Method for Generating Synthetic Data Combining Chest Radiography Images with Tabular Clinical Information Using Dual Generative Models
This work addresses privacy and data sharing issues in the medical domain by enabling the release of synthetic datasets without compromising secondary use potential, though it is incremental as it builds on existing GAN methods.
The paper tackled the problem of generating synthetic medical records that combine chest X-ray images with tabular clinical data to address privacy concerns, using dual generative models (alphaGAN and CTGAN) to create a synthetic dataset; the result showed that training models on five times the synthetic data volume achieved classification and regression performance comparable, though slightly inferior, to using the original private dataset.

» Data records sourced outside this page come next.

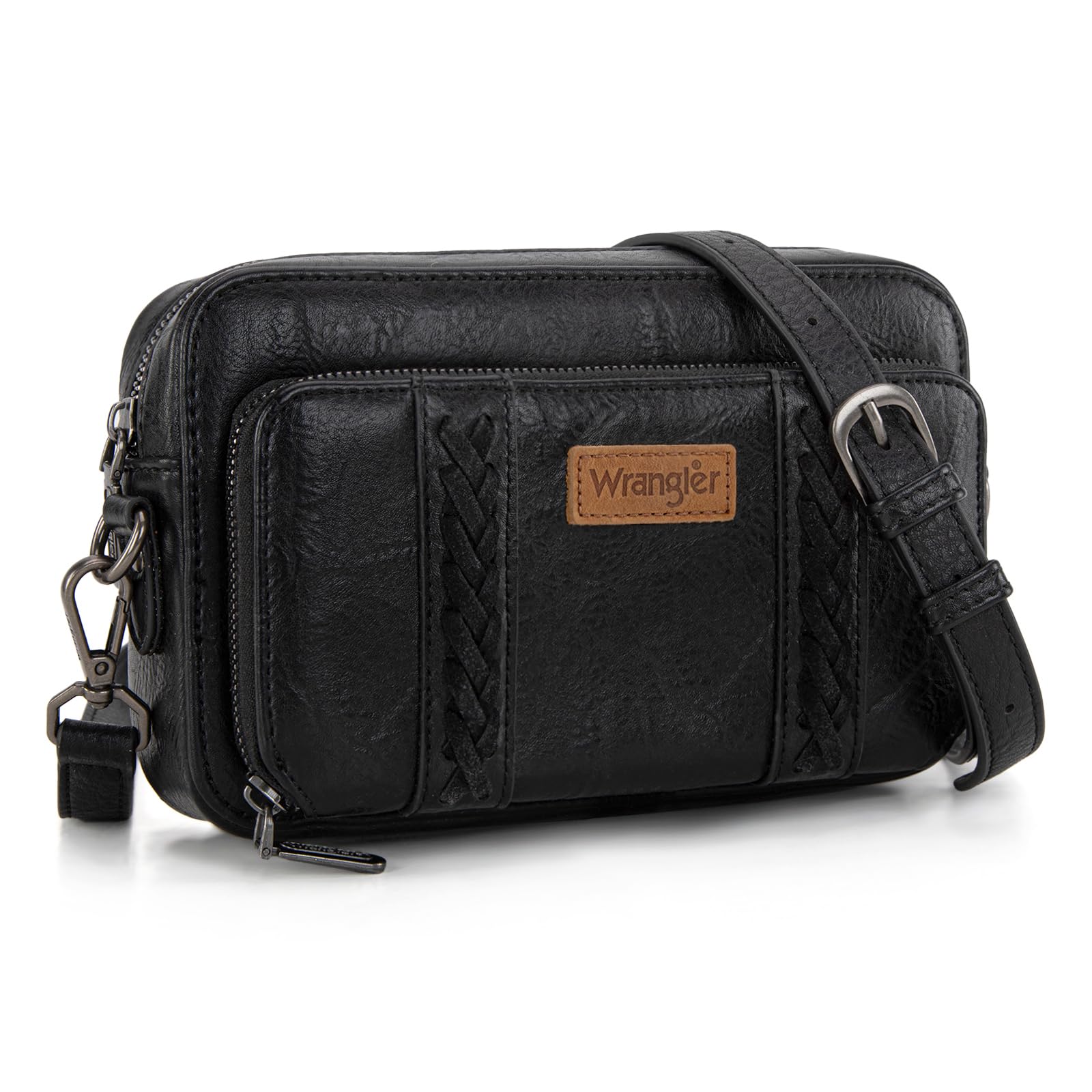 Wrangler Crossbody Bag for Women Shoulder Purse Small Multi Pocket Crossover Bag with Adjustable Strap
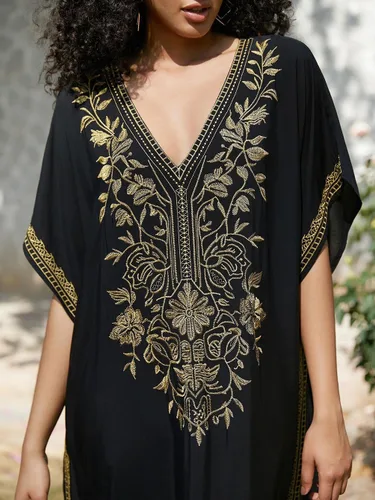 Vista 7 de Vestido de caftán turco bordado para mujer, largo caftán, ropa de descanso, camisón para traje de baño, ropa de playa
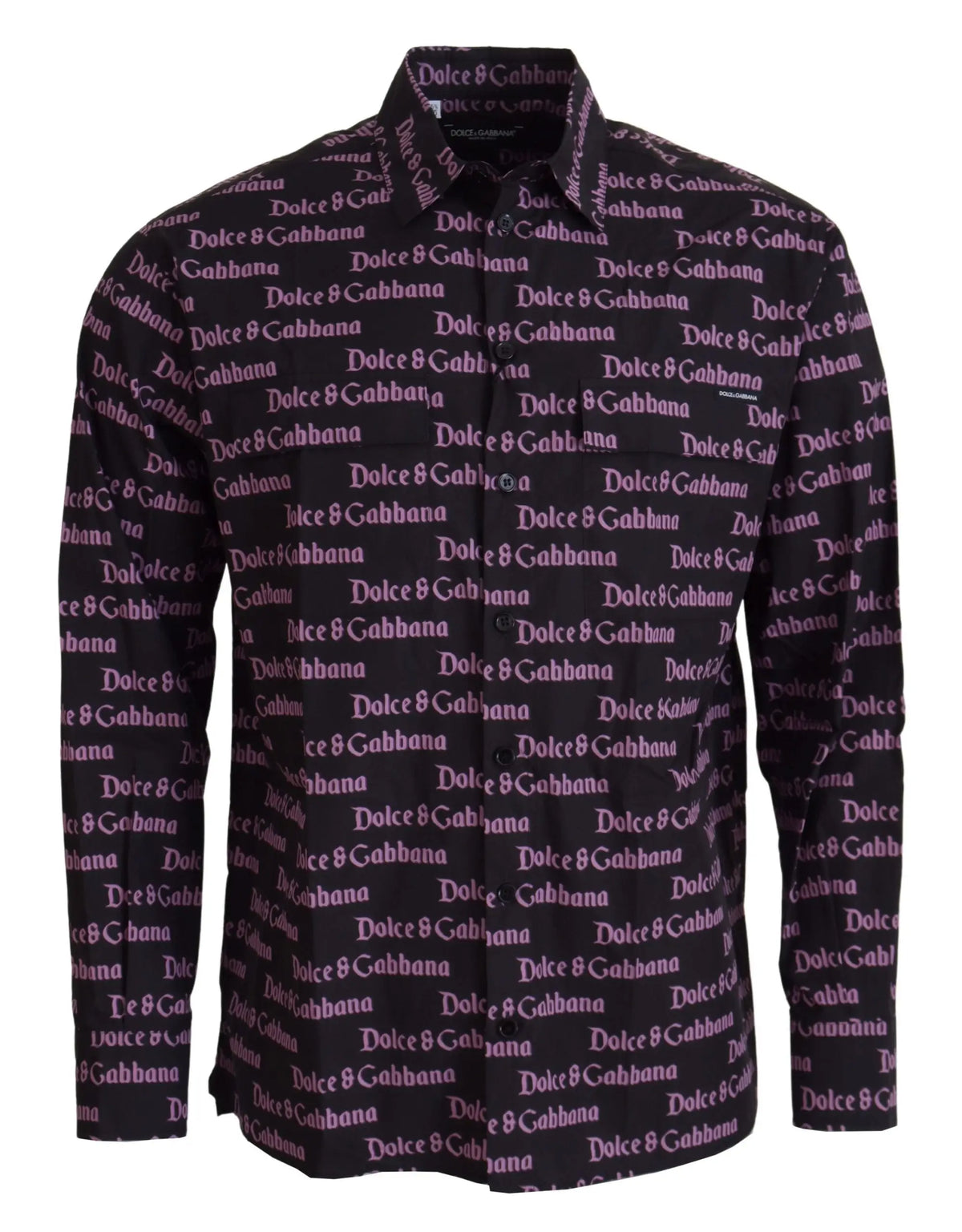 Chemise élégante dolce & gabbana noire à boutons avec imprimé logo blanc et violet clair répétitif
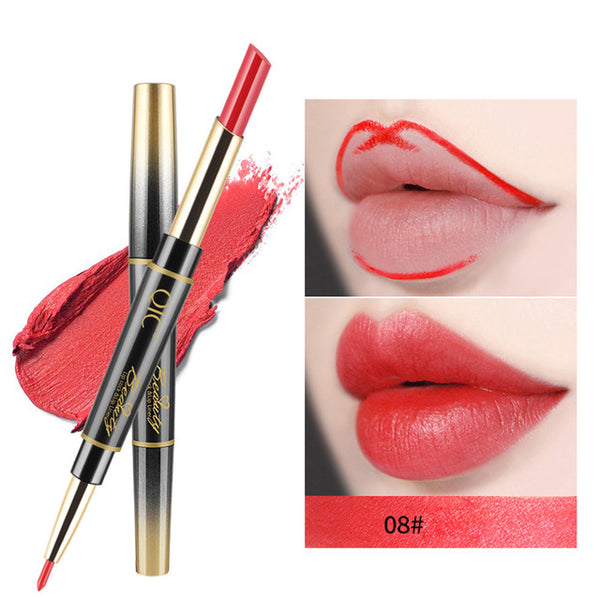 New Double-end Lipstick Pen Easy to Wear Long-lasting Natural Lasting Lipliner Waterproof Lip Liner Stick Pencil 14 Color Beauty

The generation of synthetic medical records using Generative Adversarial Networks (GANs) is becoming crucial for addressing privacy concerns and facilitating data sharing in the medical domain. In this paper, we introduce a novel method to create synthetic hybrid medical records that combine both image and non-image data, utilizing an auto-encoding GAN (alphaGAN) and a conditional tabular GAN (CTGAN). Our methodology encompasses three primary steps: I) Dimensional reduction of images in a private dataset (pDS) using the pretrained encoder of the αGAN, followed by integration with the remaining non-image clinical data to form tabular representations; II) Training the CTGAN on the encoded pDS to produce a synthetic dataset (sDS) which amalgamates encoded image features with non-image clinical data; and III) Reconstructing synthetic images from the image features using the alphaGAN's pretrained decoder. We successfully generated synthetic records incorporating both Chest X-Rays (CXRs) and thirteen non-image clinical variables (comprising seven categorical and six numeric variables). To evaluate the efficacy of the sDS, we designed classification and regression tasks and compared the performance of models trained on pDS and sDS against the pDS test set. Remarkably, by leveraging five times the volume of sDS for training, we achieved classification and regression results that were comparable, if slightly inferior, to those obtained using the native pDS. Our method holds promise for publicly releasing synthetic datasets without undermining the potential for secondary data usage.